최종적으로 우리가 계산하는 그래디언트(\(\nabla_\theta \mathcal L\))는 chain rule에 따라 다음과 같이 decompose할 수 있습니다.

\[\begin{split} \nabla_\theta \mathcal L \left(\mathbf y_i^\text{qry}, f(\mathbf x_i^\text{qry}, \phi_i)\right) \\ = \cfrac{d}{d\theta} \mathcal L \left(\mathbf y_i^\text{qry}, f(\mathbf x_i^\text{qry}, \phi_i)\right) \\ = \cfrac{d \mathcal L}{d\phi_i} \cfrac{d\phi_i}{d\theta} \end{split}\]

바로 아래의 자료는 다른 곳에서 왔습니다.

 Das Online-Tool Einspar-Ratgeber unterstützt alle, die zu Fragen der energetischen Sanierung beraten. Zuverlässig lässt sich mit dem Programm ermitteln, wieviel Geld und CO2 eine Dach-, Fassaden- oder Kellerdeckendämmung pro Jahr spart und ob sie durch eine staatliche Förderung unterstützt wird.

그리고 여기서 \(\cfrac{d\phi_i}{d\theta}\)를 \(I\)로 간주하게 된다면, 우리는 \(\cfrac{d\mathcal L}{d\phi_i}\)를 \(\nabla_\theta \mathcal L\)로 취급하겠다는 이야기가 됩니다. 그리고 \(\cfrac{d\mathcal L}{d\phi_i}\)를 계산하는 것은 그냥 일반적으로 supervised learning에서 그래디언트를 계산하는 것과 다를 바가 없어 컴퓨팅 코스트가 낮습니다. (반면, \(\cfrac{d\mathcal L}{d\theta}\)를 계산하는 것은 컴퓨팅 코스트가 매우 큽니다!)

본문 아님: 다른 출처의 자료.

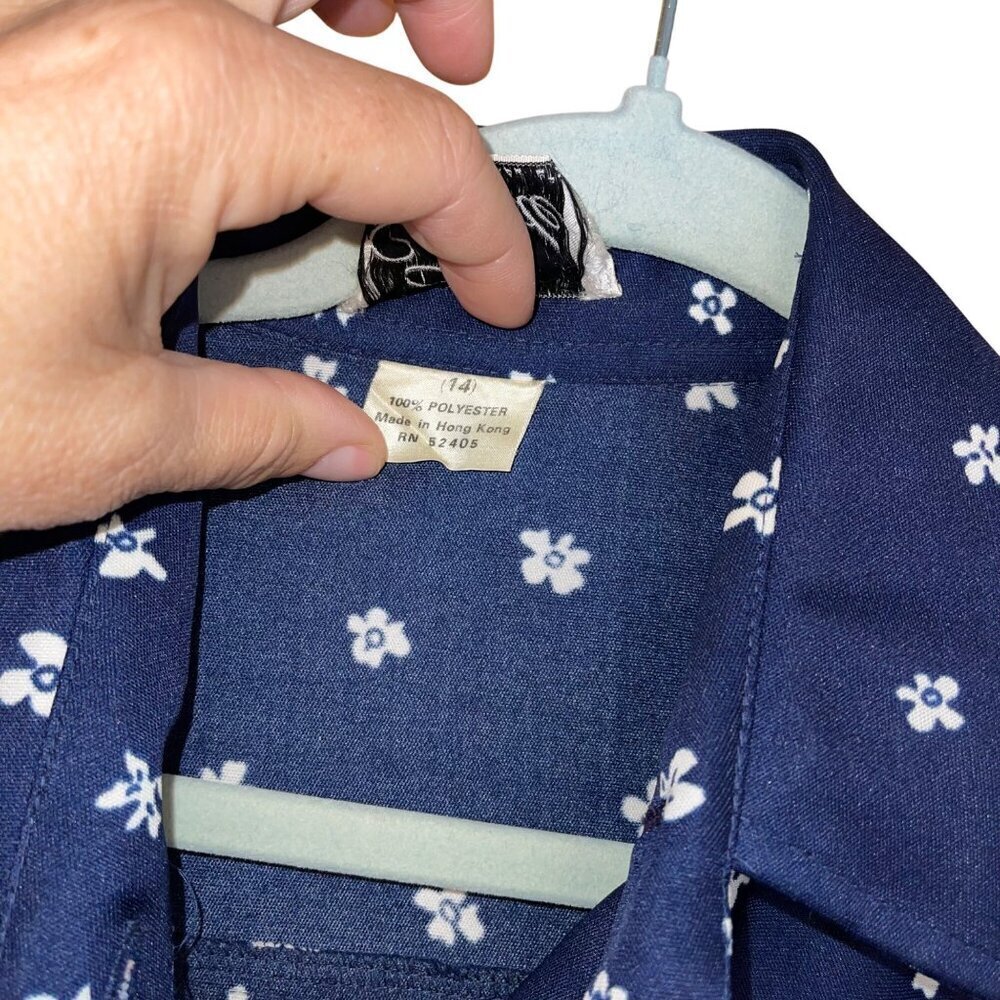 Parade Vintage 1970s Womens Shirt Dress Size Large Blue Floral Maxi Long Sleeve - Picture 5 of 9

물론 \(\cfrac{d\phi_i}{d\theta} \approx I\)는 굉장히 무식한 approximation처럼 보일 수 있습니다. 하지만 Chelsea Finn 교수님의 말씀에 따르면, 심플한 퓨샷 태스크에서는 잘 동작한다고 합니다. 다만 태스크의 난이도가 복잡해지면 좋은 효과를 기대하기가 어렵다고 합니다.

2. 헤드 부분만 옵티마이즈하기

모델 파라미터 전체를 task-specific 파라미터로써 그래디언트 디센트하는 것이 아니라, 모델의 헤드 부분(모델의 마지막 레이어)만을 task-specific 파라미터로써 그래디언트 디센트한다면 이것 역시 컴퓨팅 코스트를 줄일 수 있는 좋은 대안이 될 수 있을 것입니다.

Appendix A: `create_graph=True` (PyTorch)#

파이토치의 backward 메서드나 autograd함수에는 create_graph=True라는 옵션을 설정할 수 있습니다. create_graph를 True로 설정되면 autograd를 통해 계산된 그래디언트 벡터에서도 computation graph가 계속 이어집니다! 이를 통해 task-specific parameter \(\phi_i\)를 계산하고, 다시 그걸 바탕으로 최종 Loss (\(\mathcal L(\mathbf y_i^\text{qry}, f(\mathbf x_i^\text{qry};~\phi_i))\))를 산출하고 거기서 다시 backward를 실행해도 정상적으로 back-propagating이 원래의 파라미터 \(\theta\)에까지 전달될 수 있습니다.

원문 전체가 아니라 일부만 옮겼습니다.